If you are an overseas Vietnamese (Viet Kieu) living in Texas and a relative in Vietnam has passed away, you may be entitled to an inheritance, a benefit, or a share of an estate. To claim it, US documents such as a death certificate, birth certificate, or marriage certificate usually have to be authenticated for use in Vietnam and translated into Vietnamese. This page explains how the process works from Texas and what changes in September 2026.
Note that there is no established Vietnamese pension proof-of-life requirement for US residents, so this page focuses on inheritance and estate entitlements rather than ongoing pension confirmation.
What an apostille is
An apostille is a certificate that authenticates a public document — a notary's signature, a court seal, a registrar's certification — so it will be accepted by authorities in another country. For countries in the Hague Apostille Convention, the apostille is the finish line. For countries outside it, the same Texas certificate is the first step in a short legalization chain.
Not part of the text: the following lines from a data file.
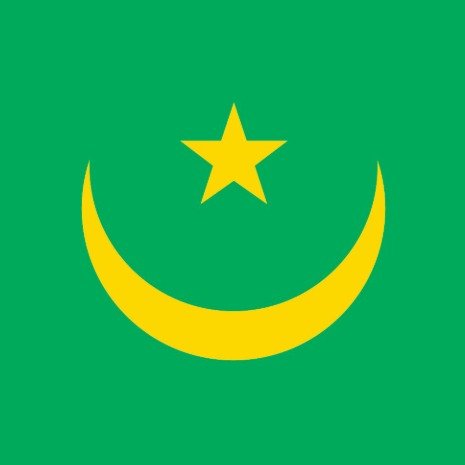 Mauritania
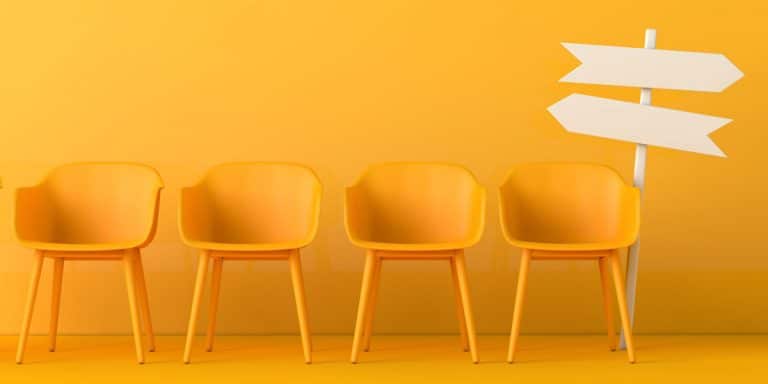 The Most Wanted: So viele offene Stellen in Deutschland wie noch nie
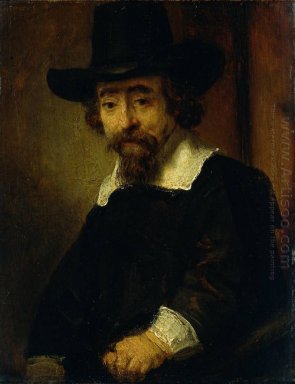 Dr Ephraim Bueno Jewish Physician And Writer 1647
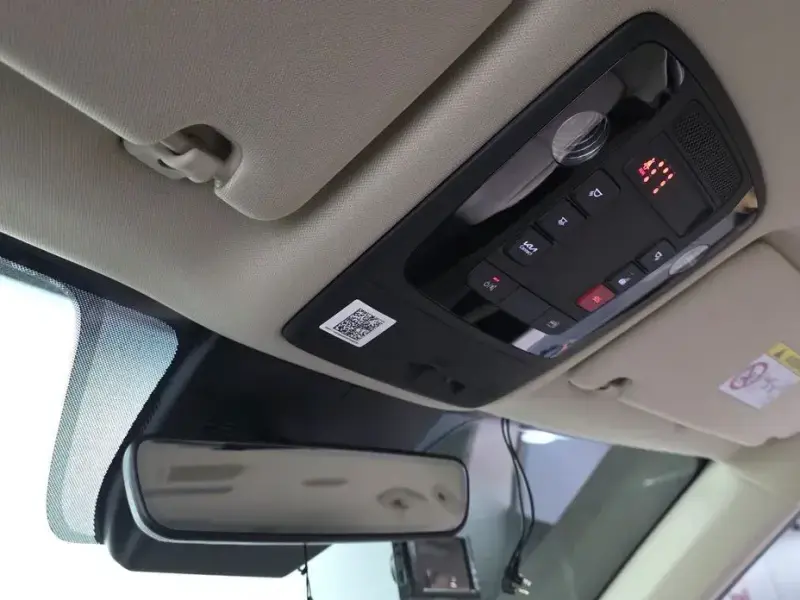 2022 Kia Carnival с пробегом 65 688 км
Does an apostille work in Vietnam?
The answer depends on timing. The Hague Apostille Convention becomes effective for Vietnam on September 11, 2026. From that date, a document apostilled by the Texas Secretary of State will be accepted in Vietnam without further consular legalization.
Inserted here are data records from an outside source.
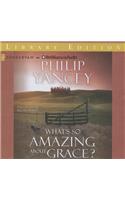 What's So Amazing about Grace?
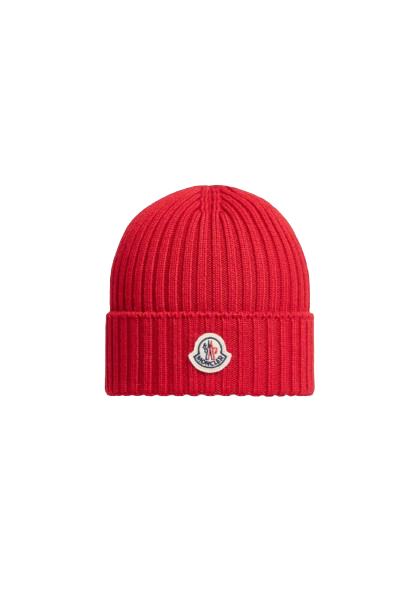Bonnets moncler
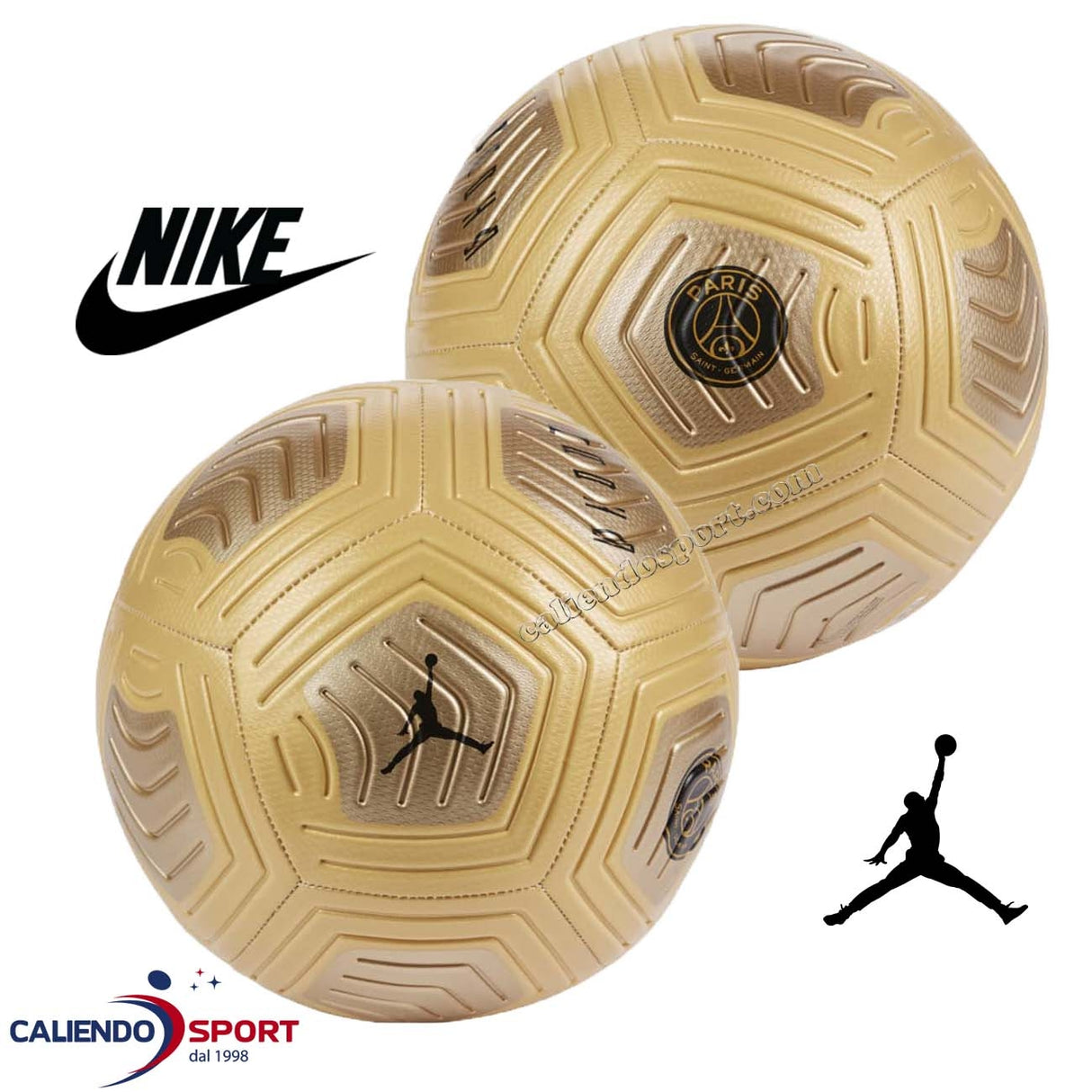 PALLONE JORDAN CQ8042 750 PARIS SAINT GERMAIN STRKE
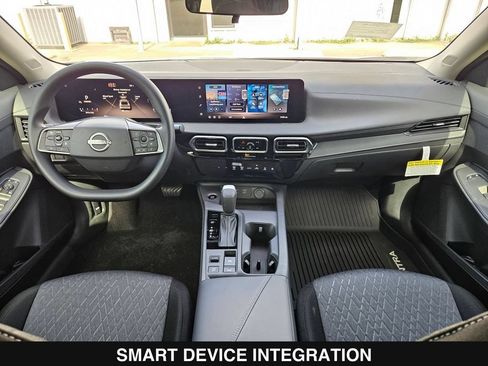 New 2026 Nissan Sentra SV w/ Floor Mat Package FWD image 19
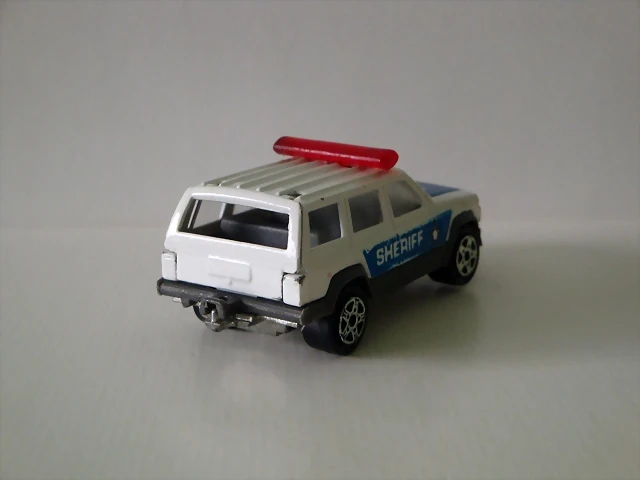 Cherokee XJ (3) (Copiar) Cherokee XJ (3) (Copiar)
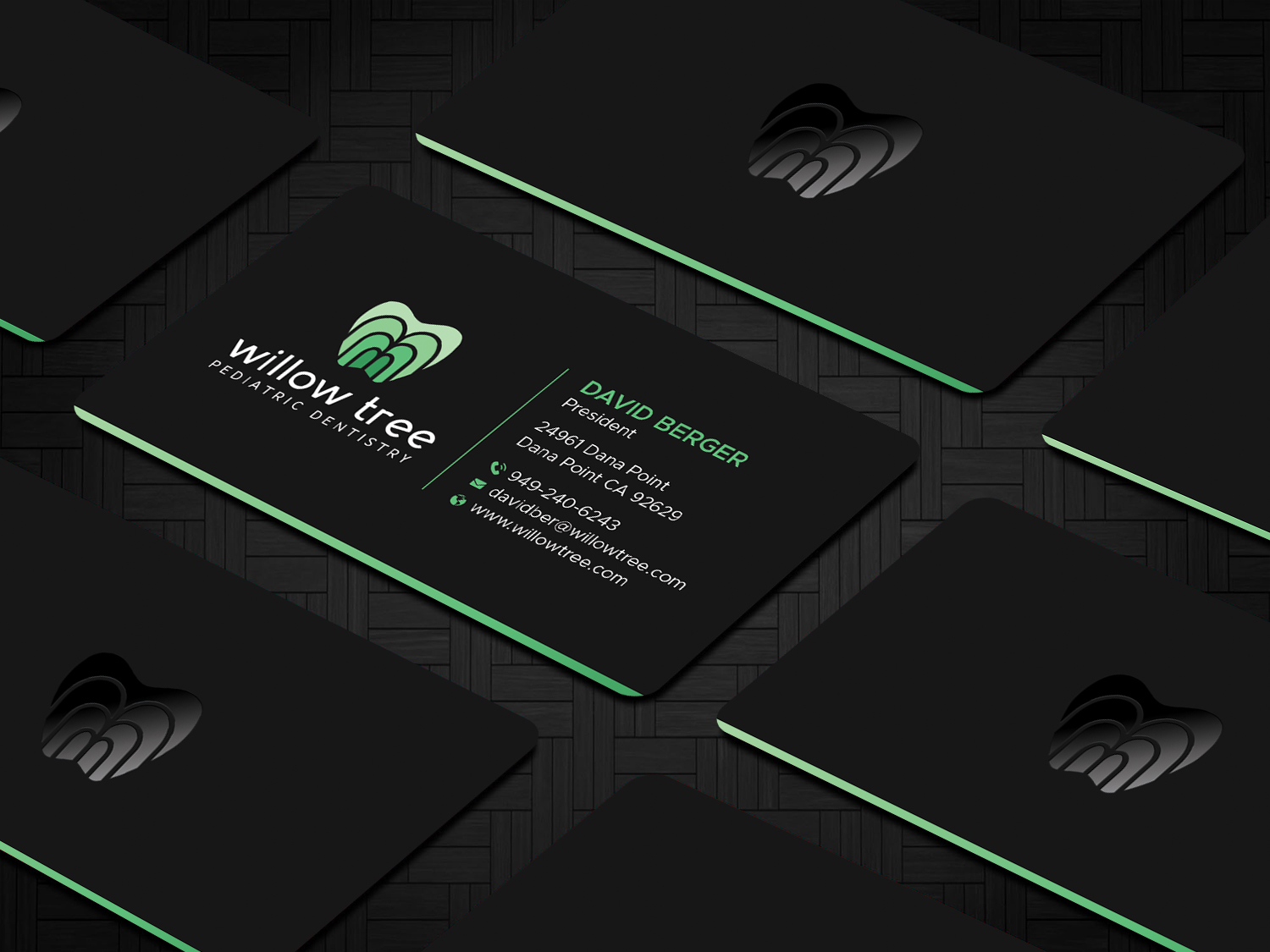 Diseño de Tarjeta de Presentación por DesignShout para este proyecto | Diseño #29311498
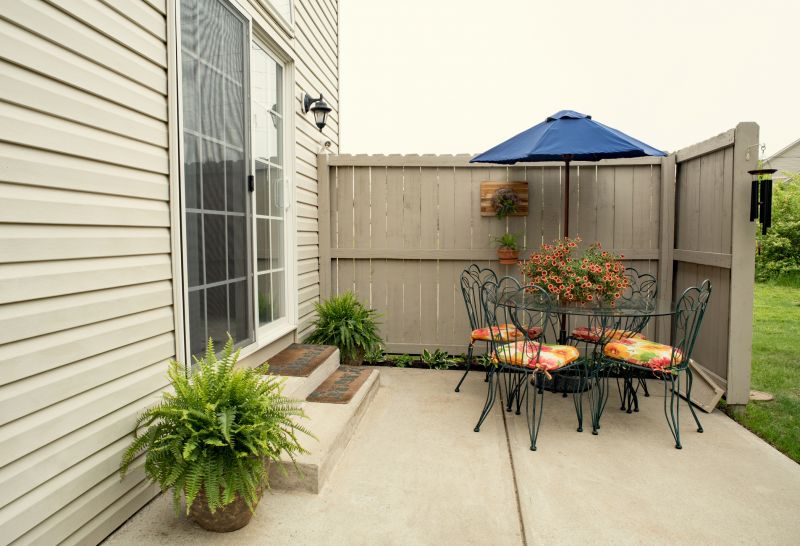 Patio Installation in Indian Hills, CO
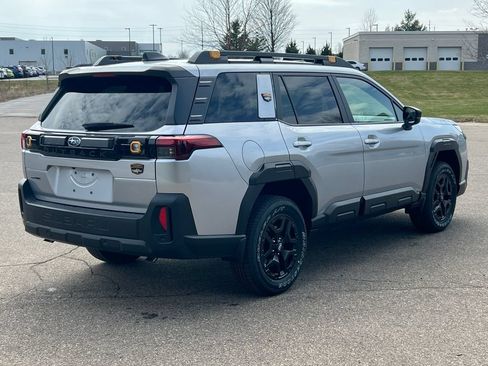 New 2026 Subaru Outback Wilderness AWD/4WD image 9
Before September 11, 2026, an apostille alone is not enough. Documents must instead go through the traditional consular legalization chain: after Texas certification, the document is authenticated by the US Department of State and then legalized by the Embassy or Consulate of Vietnam. If you are acting now, plan around this date — a document apostilled too early may still need the legalization route until the Convention takes effect.
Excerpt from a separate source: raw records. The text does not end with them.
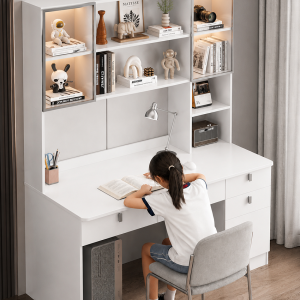 Phù hợp cho học tập, làm việc và đọc sách tại nhà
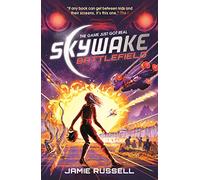 SkyWake Battlefield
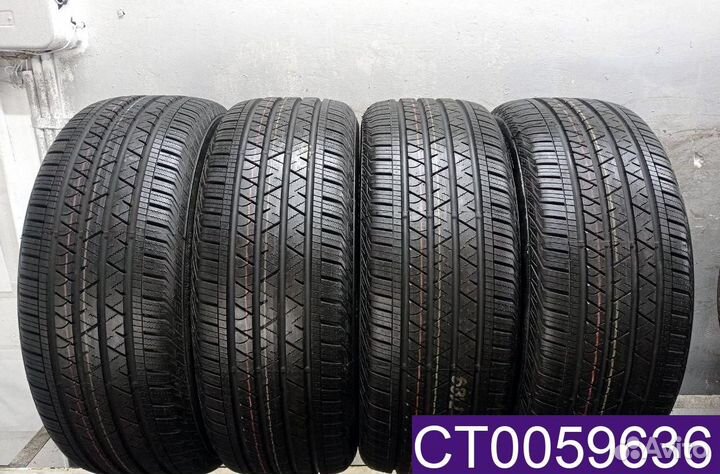 Continental ContiCrossContact LX Sport 245/50 R20 96T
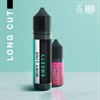 Ароматизатор DARK X SIZE Mint Line - "Sweet" (Мягкая, сладкая мята без лишнего холода) (LONG CUT) 0AUCkohnjedOa9MjT57mZ2 - фото 11924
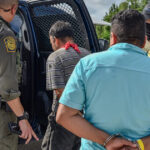 ICE Arrests Over 80 Illegal Aliens During Louisiana Racetrack Raids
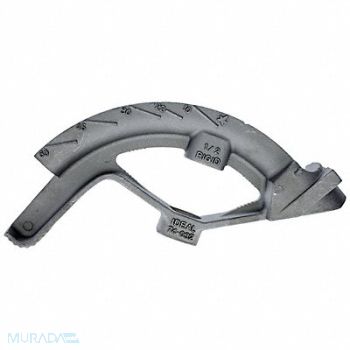 IDEAL Conduit Bender Head 3/4 EMT 1/2 Rigid, 10F497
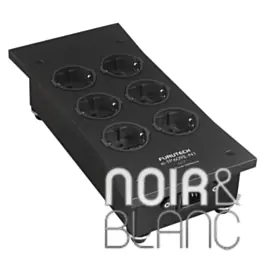Barrette secteur Furutech e-TP609E NCF-N1 | Bientôt épuisé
How the Texas Secretary of State apostille works
Texas apostilles come from a single office: the Secretary of State's Authentications Unit in Austin. There is no county-clerk step — a document notarized by any Texas notary, in any of the 254 counties, goes straight to the state. Since October 2023 Texas issues one Universal Apostille (Form 2102) that works for every destination, whether or not the country belongs to the Hague Apostille Convention.